The Kills and the Horrors both have a lot in common: generically cool band names, hefty internet buzz, unoriginal sounds, the promotion of style over substance. The former have better songs, the latter were marginally better live, but overall it was one of the worst rock shows I’ve seen in ages.
Some friends of mine wanted to see the Kills and I was not opposed. I have followed them, though not closely, for as long as they’ve been around. I liked some of their early material — “Hitched” is a great song — and I like some of their new stuff too — “Black Balloon” is the best song off their last album and they deserve some success with it. But as we watched them play, I and my bunch of aged, over-30 music-fan friends started to roll our eyes and gradually lose interest in the set. I guess using drum-machine tracks is part of their shtick, but playing at a club like the 930 a band really needs to play real instruments. I spent half the set watching the guitar guy and trying to figure out if he was really playing everything or what; trying to figure out if there was a bass track playing or what; wondering if there was gonna be an Ashlee Simpson moment or what.
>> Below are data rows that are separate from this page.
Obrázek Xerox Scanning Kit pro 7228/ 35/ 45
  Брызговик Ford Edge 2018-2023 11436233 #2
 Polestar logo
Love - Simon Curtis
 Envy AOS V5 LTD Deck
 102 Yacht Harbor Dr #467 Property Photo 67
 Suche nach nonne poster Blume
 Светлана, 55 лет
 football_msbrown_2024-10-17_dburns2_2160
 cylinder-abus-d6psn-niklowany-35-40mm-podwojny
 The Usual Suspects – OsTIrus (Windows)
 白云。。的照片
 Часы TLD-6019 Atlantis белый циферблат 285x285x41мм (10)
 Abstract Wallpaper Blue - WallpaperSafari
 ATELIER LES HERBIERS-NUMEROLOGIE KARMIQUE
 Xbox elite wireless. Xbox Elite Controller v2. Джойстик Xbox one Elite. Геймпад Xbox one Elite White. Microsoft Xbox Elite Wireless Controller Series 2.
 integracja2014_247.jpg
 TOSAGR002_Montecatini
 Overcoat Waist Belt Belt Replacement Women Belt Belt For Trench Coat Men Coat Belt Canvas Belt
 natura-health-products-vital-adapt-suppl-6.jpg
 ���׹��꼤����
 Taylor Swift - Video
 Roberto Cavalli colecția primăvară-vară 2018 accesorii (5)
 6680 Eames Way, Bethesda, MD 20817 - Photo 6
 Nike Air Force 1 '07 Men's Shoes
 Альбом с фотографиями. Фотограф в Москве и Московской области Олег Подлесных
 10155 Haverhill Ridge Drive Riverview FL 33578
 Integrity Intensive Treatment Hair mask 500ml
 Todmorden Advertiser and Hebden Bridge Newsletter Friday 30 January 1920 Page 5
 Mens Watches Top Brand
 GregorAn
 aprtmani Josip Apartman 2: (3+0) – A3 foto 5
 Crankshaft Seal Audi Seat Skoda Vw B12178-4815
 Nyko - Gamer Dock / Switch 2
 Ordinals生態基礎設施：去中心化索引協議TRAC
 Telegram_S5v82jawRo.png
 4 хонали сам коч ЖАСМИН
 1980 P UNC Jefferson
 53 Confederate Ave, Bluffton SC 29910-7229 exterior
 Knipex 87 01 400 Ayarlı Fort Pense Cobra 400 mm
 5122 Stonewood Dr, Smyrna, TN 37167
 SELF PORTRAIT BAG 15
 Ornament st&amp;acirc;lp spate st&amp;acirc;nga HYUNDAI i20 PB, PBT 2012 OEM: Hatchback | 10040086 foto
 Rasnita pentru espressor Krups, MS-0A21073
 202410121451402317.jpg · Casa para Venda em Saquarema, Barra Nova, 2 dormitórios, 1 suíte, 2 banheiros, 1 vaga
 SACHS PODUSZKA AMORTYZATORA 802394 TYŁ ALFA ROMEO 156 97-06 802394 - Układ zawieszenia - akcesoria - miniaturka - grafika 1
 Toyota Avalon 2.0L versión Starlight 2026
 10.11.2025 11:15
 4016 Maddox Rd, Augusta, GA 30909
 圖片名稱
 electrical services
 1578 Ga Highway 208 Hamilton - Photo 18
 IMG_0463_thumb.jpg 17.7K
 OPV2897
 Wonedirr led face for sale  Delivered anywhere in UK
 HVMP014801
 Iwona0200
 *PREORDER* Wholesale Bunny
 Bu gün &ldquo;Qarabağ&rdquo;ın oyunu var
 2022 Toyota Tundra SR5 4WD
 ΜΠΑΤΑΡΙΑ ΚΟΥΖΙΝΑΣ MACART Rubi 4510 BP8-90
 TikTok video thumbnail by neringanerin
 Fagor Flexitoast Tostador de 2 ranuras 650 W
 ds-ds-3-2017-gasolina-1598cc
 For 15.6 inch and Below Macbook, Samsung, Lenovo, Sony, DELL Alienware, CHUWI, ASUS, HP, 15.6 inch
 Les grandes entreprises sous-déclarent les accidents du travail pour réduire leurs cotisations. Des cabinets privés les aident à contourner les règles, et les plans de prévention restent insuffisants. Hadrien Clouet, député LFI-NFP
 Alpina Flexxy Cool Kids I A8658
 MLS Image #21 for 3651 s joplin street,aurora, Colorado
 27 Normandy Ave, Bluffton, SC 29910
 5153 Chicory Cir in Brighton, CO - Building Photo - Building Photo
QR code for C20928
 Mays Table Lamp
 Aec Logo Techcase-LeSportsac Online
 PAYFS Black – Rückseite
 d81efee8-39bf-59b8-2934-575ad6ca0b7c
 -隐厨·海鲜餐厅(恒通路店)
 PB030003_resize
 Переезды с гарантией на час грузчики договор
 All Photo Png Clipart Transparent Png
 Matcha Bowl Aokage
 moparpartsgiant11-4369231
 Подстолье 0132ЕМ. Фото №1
I don’t understand why moderately successful bands think they can play shows without a real band. I can see it when you are just starting out — it might be even pretty cool. But at a certain level of success, where you are on the cover of magazines and such, you have to figure out whether you’re playing rock and roll or singing karaoke. Apparently the Kills picked the karaoke route. Eh. Some other good bands also go down the same route, to some extent (see: Blonde Redhead, and my beloved Raveonettes), but this was the worst offense in this category I can remember. I can only say that there are good financial and logistical reasons not to have a real band, but as a fan, I feel ripped off anytime backing tracks start being piped in.
The moment when we started to file out the door was during the encore, where they butchered “Pale Blue Eyes” and we were like — “why can’t they just play it straight with two guitars, and no dumb drum machine?” It’s about the easiest song in the world, I’m sure they could pull it off fine.
The crowd seemed pretty pleased, though, I guess that is enough to keep this kind of thing happening. Nestor Diaz at DCist seemed to like it. And for what it’s worth here is a video of “Black Balloon”:
Opener the Horrors were not bad. I would describe them as “heroin-rock” — angsty post-punks. They reminded me a lot of Interpol, they reminded another friend of the Chameleons. So yeah, dark post-punk. I’ll check out some of their music sometime. They get a passing grade unlike the disappointing Kills. Luckily it was an early show so there was plenty of time to drink away the agony over at DC9 afterwards.